With the pictures left aside, write out the entries that follow exactly.

==================================================

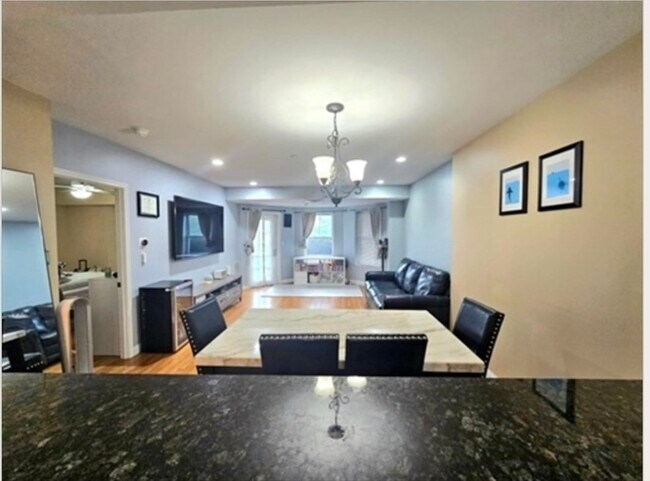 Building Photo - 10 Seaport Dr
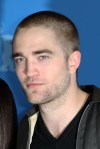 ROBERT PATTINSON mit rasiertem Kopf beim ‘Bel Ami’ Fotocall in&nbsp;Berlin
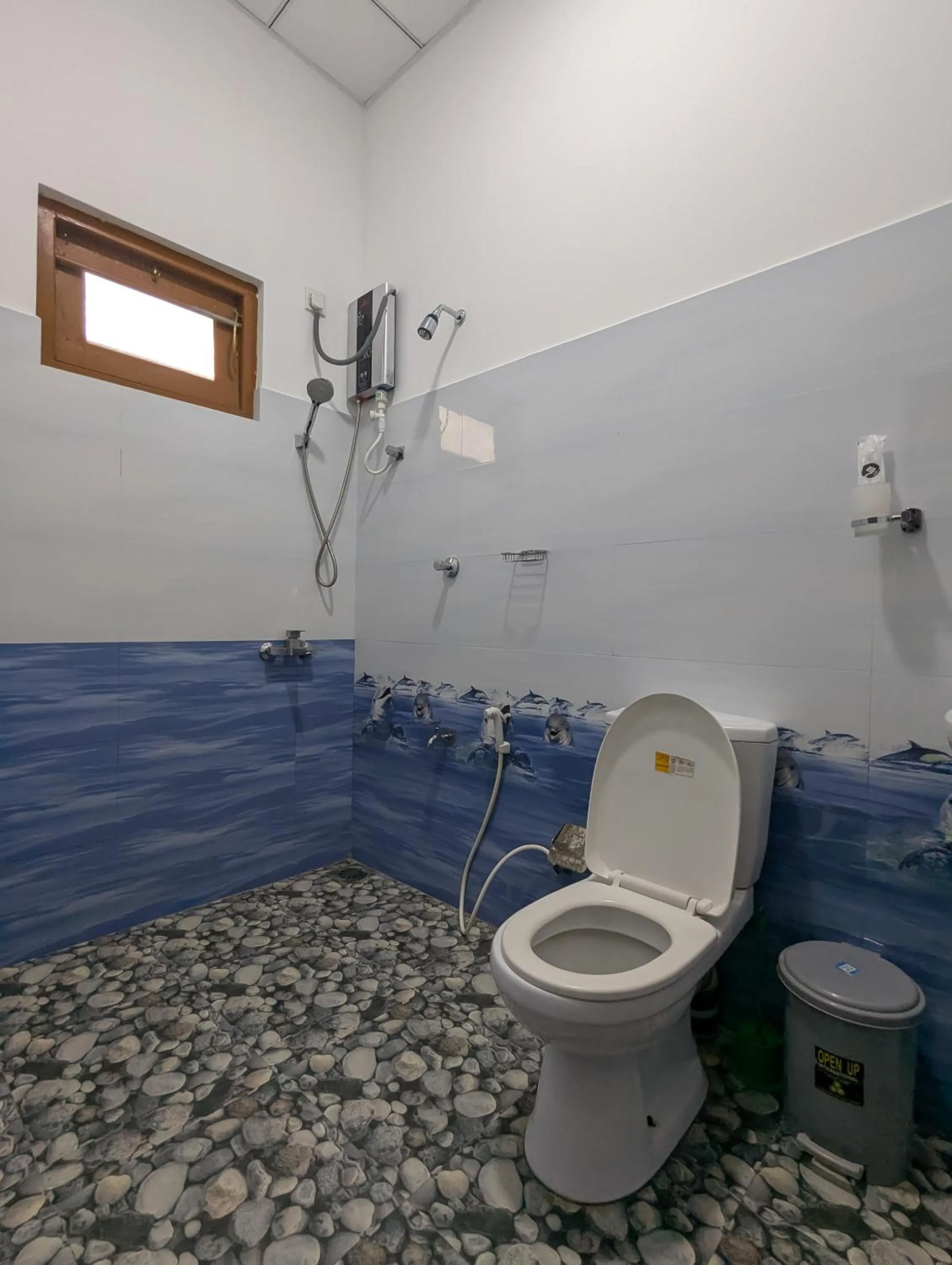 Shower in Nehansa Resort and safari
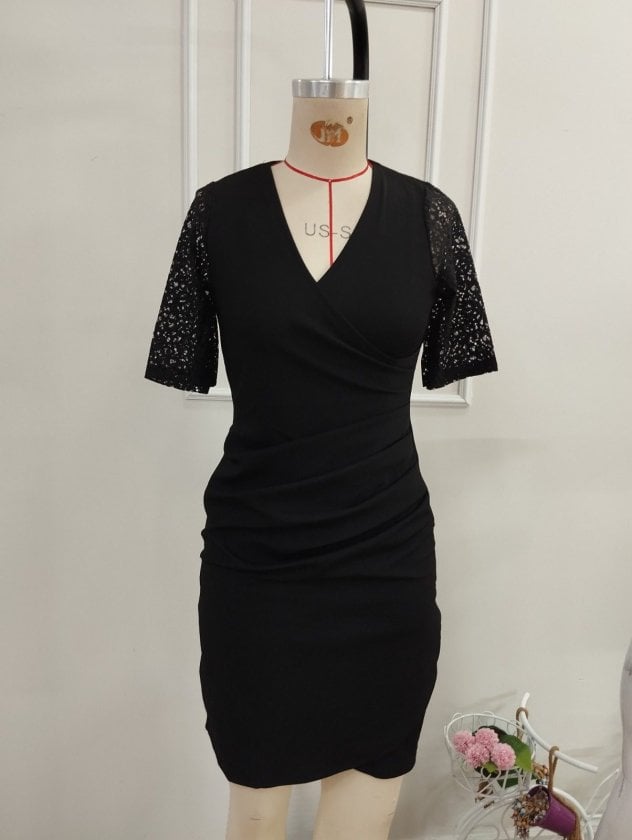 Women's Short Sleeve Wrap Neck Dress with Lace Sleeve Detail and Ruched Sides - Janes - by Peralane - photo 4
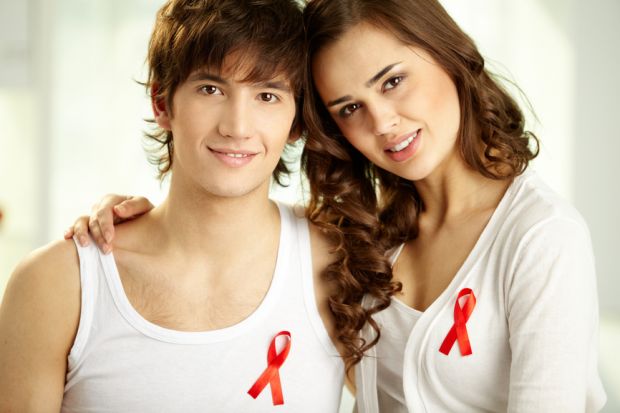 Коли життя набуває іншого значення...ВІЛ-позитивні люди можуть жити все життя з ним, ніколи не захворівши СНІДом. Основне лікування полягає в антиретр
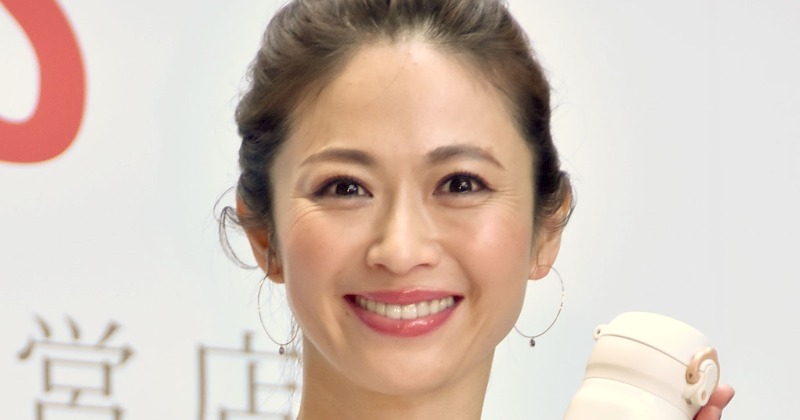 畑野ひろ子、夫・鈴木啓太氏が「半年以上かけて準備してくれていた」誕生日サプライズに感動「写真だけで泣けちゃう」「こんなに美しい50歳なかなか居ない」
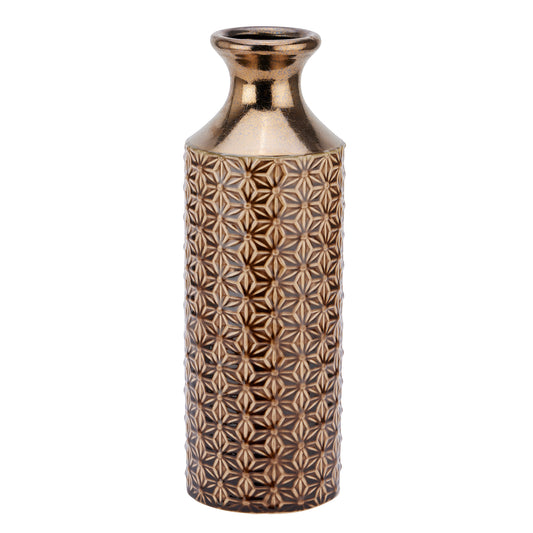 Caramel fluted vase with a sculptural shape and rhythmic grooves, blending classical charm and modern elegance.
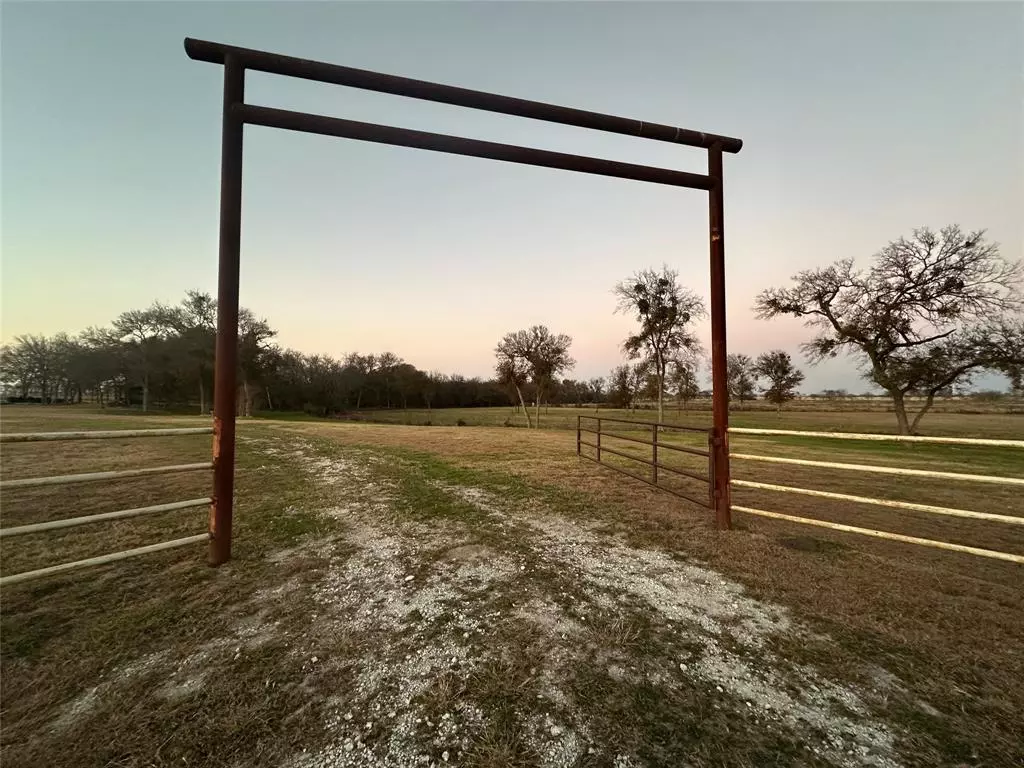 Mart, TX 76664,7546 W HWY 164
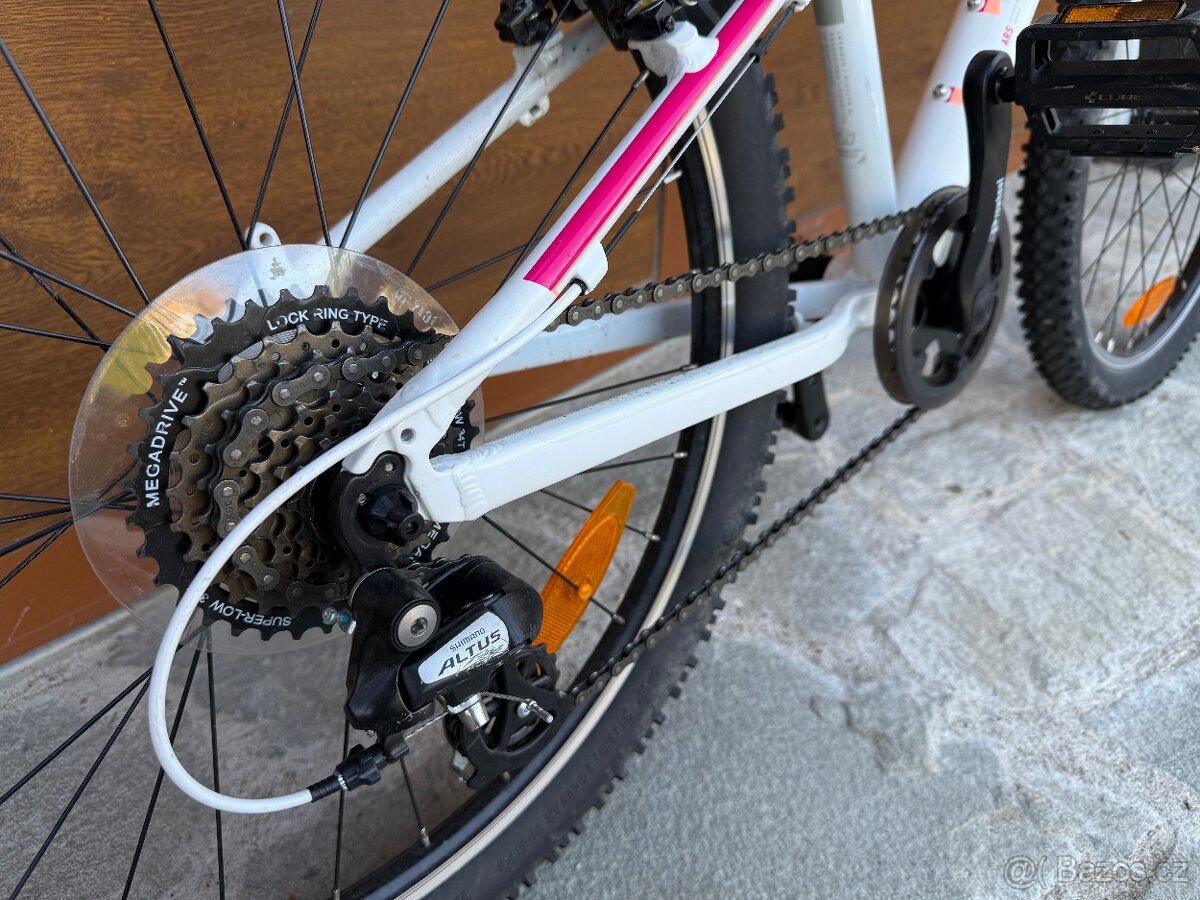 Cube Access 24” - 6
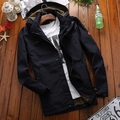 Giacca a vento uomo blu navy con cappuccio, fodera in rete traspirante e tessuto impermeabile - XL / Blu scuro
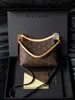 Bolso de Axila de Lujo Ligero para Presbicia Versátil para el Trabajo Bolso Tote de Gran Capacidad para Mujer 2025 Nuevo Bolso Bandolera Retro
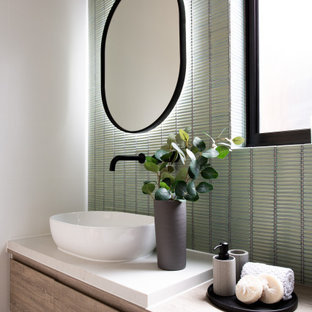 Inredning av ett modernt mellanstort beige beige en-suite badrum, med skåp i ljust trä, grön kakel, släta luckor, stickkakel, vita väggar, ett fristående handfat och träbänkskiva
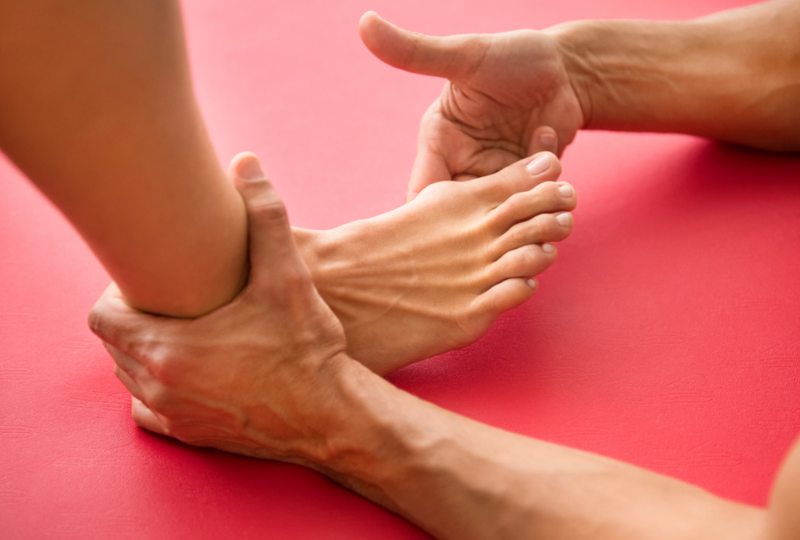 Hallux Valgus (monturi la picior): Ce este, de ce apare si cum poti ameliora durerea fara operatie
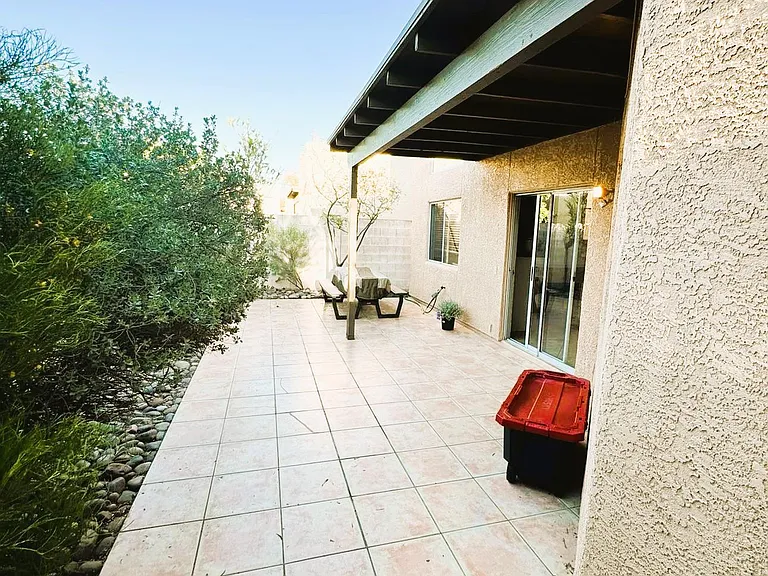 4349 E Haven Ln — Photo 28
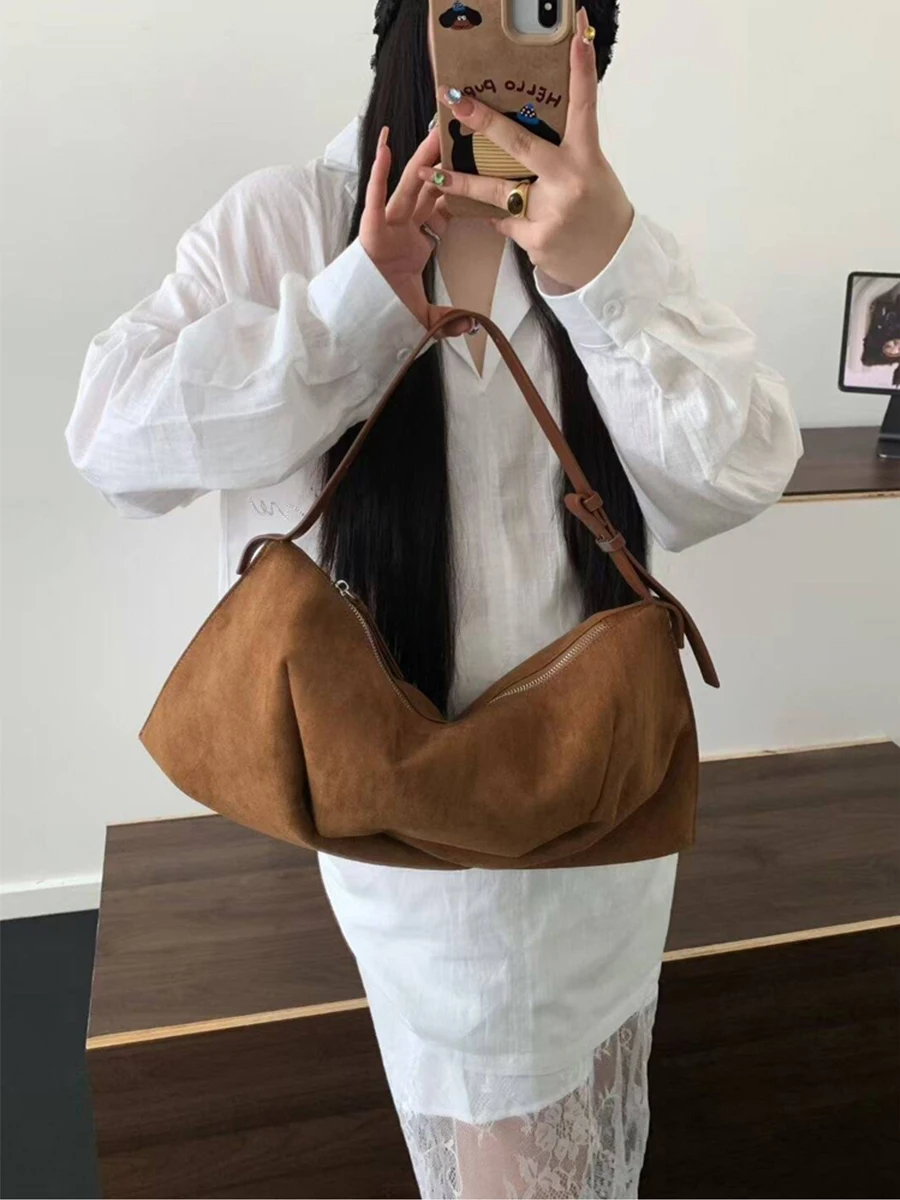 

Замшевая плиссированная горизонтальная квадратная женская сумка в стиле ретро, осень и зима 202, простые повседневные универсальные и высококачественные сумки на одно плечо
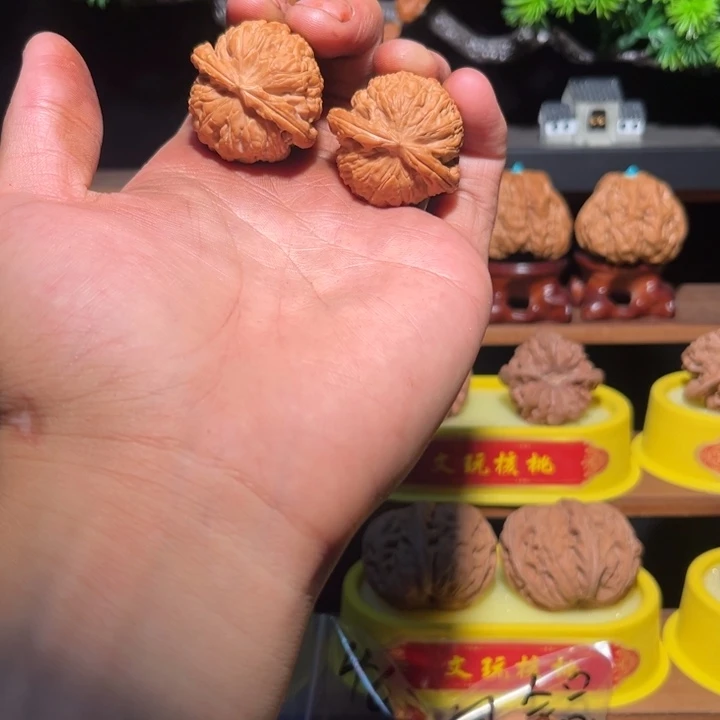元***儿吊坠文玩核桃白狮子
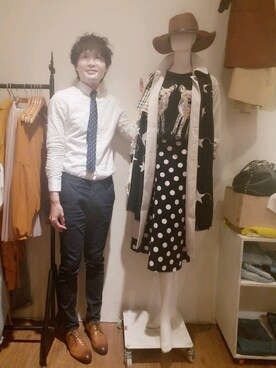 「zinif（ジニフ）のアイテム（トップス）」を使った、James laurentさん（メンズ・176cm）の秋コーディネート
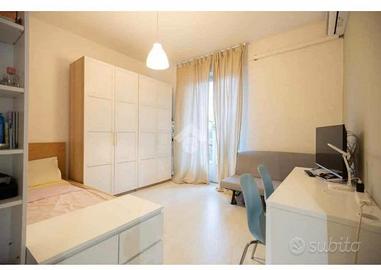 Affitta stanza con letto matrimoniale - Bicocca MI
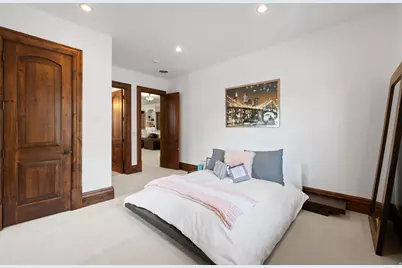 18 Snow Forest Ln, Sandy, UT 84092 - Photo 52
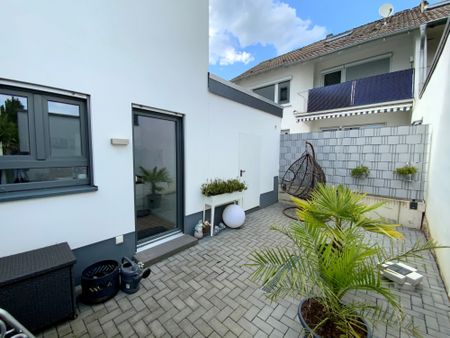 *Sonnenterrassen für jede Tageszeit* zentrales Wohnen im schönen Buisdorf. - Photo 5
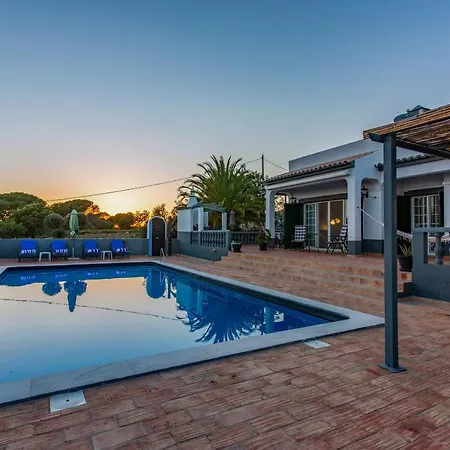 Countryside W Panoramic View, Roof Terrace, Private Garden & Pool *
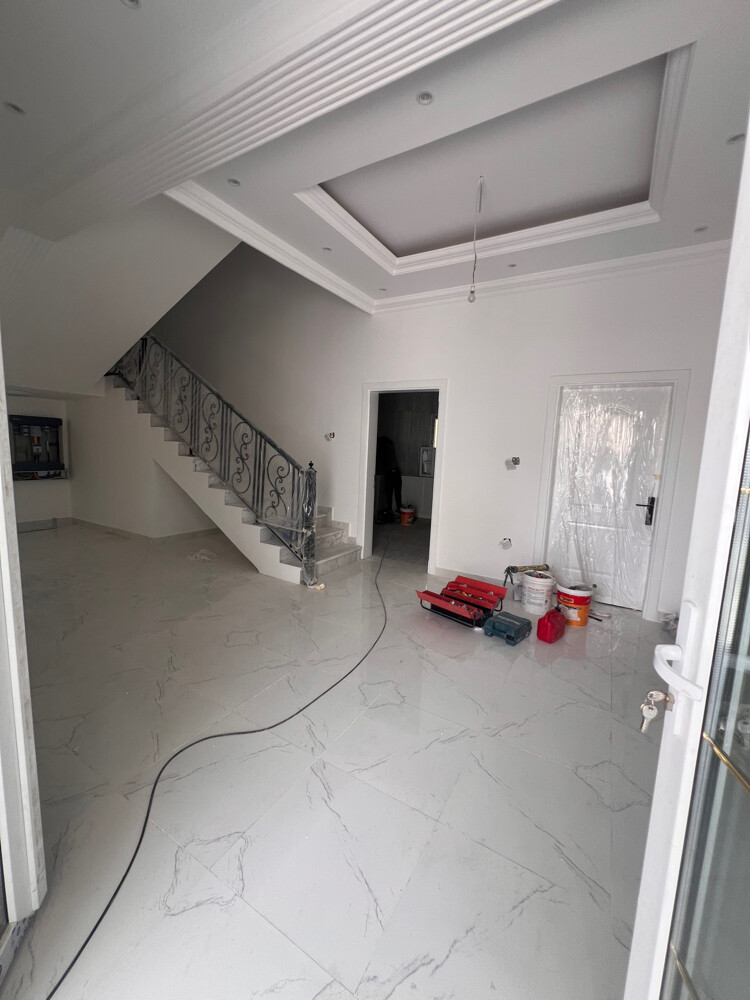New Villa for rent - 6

==================================================

* [OUTPUT FOR THIS EXERCISE]
 Building Photo - 10 Seaport Dr
 ROBERT PATTINSON mit rasiertem Kopf beim ‘Bel Ami’ Fotocall in&nbsp;Berlin
 Shower in Nehansa Resort and safari
 Women's Short Sleeve Wrap Neck Dress with Lace Sleeve Detail and Ruched Sides - Janes - by Peralane - photo 4
 Коли життя набуває іншого значення...ВІЛ-позитивні люди можуть жити все життя з ним, ніколи не захворівши СНІДом. Основне лікування полягає в антиретр
 畑野ひろ子、夫・鈴木啓太氏が「半年以上かけて準備してくれていた」誕生日サプライズに感動「写真だけで泣けちゃう」「こんなに美しい50歳なかなか居ない」
 Caramel fluted vase with a sculptural shape and rhythmic grooves, blending classical charm and modern elegance.
 Mart, TX 76664,7546 W HWY 164
 Cube Access 24” - 6
 Giacca a vento uomo blu navy con cappuccio, fodera in rete traspirante e tessuto impermeabile - XL / Blu scuro
 Bolso de Axila de Lujo Ligero para Presbicia Versátil para el Trabajo Bolso Tote de Gran Capacidad para Mujer 2025 Nuevo Bolso Bandolera Retro
 Inredning av ett modernt mellanstort beige beige en-suite badrum, med skåp i ljust trä, grön kakel, släta luckor, stickkakel, vita väggar, ett fristående handfat och träbänkskiva
 Hallux Valgus (monturi la picior): Ce este, de ce apare si cum poti ameliora durerea fara operatie
 4349 E Haven Ln — Photo 28

Замшевая плиссированная горизонтальная квадратная женская сумка в стиле ретро, осень и зима 202, простые повседневные универсальные и высококачественные сумки на одно плечо
元***儿吊坠文玩核桃白狮子
 「zinif（ジニフ）のアイテム（トップス）」を使った、James laurentさん（メンズ・176cm）の秋コーディネート
 Affitta stanza con letto matrimoniale - Bicocca MI
 18 Snow Forest Ln, Sandy, UT 84092 - Photo 52
 *Sonnenterrassen für jede Tageszeit* zentrales Wohnen im schönen Buisdorf. - Photo 5
 Countryside W Panoramic View, Roof Terrace, Private Garden & Pool *
New Villa for rent - 6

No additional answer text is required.